How to Start a Recruiting Business: Phase 1
Step 1: Start My Business Now?
This can be as simple as YES, NO or NOT NOW/MAYBE LATER. Until you complete many of the steps below, the answer to this question may not be clear. You have options. Revisit this after completion of the steps below.
Step 2: Self-assessment
While you might have the desire to be the owner of your own business, you will need to assess your skills, personal motivation, and commitment openly and honestly. Are you a self-starter? Do you have the planning, sales and work habits required to deliver for 12 to 18 months before reaching a business breakeven? Can you handle massive levels of rejection and keep moving forward?
Ask your friends and loved ones if this is truly a fit for you. Make sure to connect with 3 to 5 entrepreneurs and listen to their coaching about what it takes to run your own business.
Make sure to assess yourself for both the desire/passion to start your own recruitment business, as well as the attributes and abilities that will allow you to succeed. See Are You Ready to Own a Recruitment Firm for more info.
Step 3: Define your Industry/Segment/Niche/Geographic Focus
Recruitment is a massive market with many opportunities. While it might seem reasonable to find and work any reasonable business that you can find, that is likely a recipe for wasting time and potential failure. It is better to define a very limited area of focus, perhaps arrived at based on your personal background, prior work experience, your network of connections and associates, or some area where you have exposure and expertise.
Industry
Try to pick industries that have potential for growth in the years ahead. If you are working a shrinking industry with many good providers, your success will be limited.
Segment
Are you looking to work executive/professional jobs and candidates? Are you focused on higher salary, more experienced based positions, entry level work or even blue collar and temp positions?
Niche
Can you drill down to a very specific group of workers or professionals and get to know everyone in the world that does that job? Taking it to this level will allow you to quickly become the “go to” recruiter of choice for a profession that is perhaps only served by more generalist firms. Not a bad place to be if you are able to be viewed at the expert.
Geography
Maybe you want to work California, New York City, or the London market exclusively. That is OK. You likely need 200 to 1000 positions in the defined area to make sure there is enough work to keep you fully occupied. There are business coaches that help you define a focus and measure if your market will allow for success. While some niches allow for very limited geographic focus (think: bank or insurance VPs and NYC might be just fine) while other segments and niches require greater geographic distribution (think: software app developers and you may need to consider the entire globe).
Step 4: Assess Competition
While it may be tempting to move onto future steps and come back to this step later, it may not be wise. To make some of the decisions and choices in later steps, you need to understand what your competition is doing, what they offer and how they position themselves, so that you can appropriately react and set your direction.
Spend the time to see who is in your desired space and understand how they succeed.
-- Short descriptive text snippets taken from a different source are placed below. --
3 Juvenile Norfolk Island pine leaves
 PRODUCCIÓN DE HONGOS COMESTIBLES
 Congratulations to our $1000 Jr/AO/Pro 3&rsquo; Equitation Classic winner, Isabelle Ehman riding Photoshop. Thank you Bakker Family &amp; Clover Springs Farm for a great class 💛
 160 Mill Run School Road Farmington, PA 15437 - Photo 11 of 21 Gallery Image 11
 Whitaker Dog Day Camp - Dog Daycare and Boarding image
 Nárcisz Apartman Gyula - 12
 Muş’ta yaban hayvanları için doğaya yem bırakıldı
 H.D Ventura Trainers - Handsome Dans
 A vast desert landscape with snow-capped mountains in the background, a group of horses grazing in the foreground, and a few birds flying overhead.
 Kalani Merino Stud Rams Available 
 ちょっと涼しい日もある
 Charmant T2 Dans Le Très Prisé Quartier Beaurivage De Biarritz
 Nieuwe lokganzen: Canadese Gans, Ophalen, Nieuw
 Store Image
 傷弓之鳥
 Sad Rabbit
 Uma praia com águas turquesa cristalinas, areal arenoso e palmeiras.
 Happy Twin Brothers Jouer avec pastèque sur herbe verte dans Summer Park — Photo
If you can get financial information, that will help you when setting financial targets and time to reach breakeven. It will also help you assess the need for tools and staff. If the market leader in your space has a staff of 20, that means there is lots of room for you to capture a portion of the market. If there is just one other person working your defined space, it will be hand-to-hand combat with either both of you suffering or only one remaining within a short period of time.
Invest the time now, not after you are financially committed or 18 months into a poorly defined market, segment or niche.
Step 5: Determine Your Service Offering/Pricing Model
Services
As we move ever closer to a financial plan, it is critical to define your basic service offering when determining how to start a recruiting business. Here is a very simple listing of services you might consider:
- Executive/Professional Search
- Staffing/Temp/Contract
- Outplacement
- Position Description Creation
- Position Advertisement Creation
- Hourly Recruitment
- List Building
- Wage/Salary Studies
- Pre-offer Personality Profiles
- Pre-offer Skills Assessments
- Post-hire Onboarding
These can be available to all contracted customers or you can offer this as a cafeteria menu of services allowing customers to pick the ones they value or require.
Pricing Models
Contingent Search
Contingency search is a pay-for-performance model. You only get paid when an employer makes a hire of your candidate. Contingent recruiters extend a helping hand at every stage of the process, from interview scheduling to candidate onboarding. The fee can be paid in many ways, but is typically based on a percentage of the salary, usually 20 percent to 30 percent in North America, depending on the difficulty and competition in the niche. Multiple roles can sometimes be priced at a lower percentage.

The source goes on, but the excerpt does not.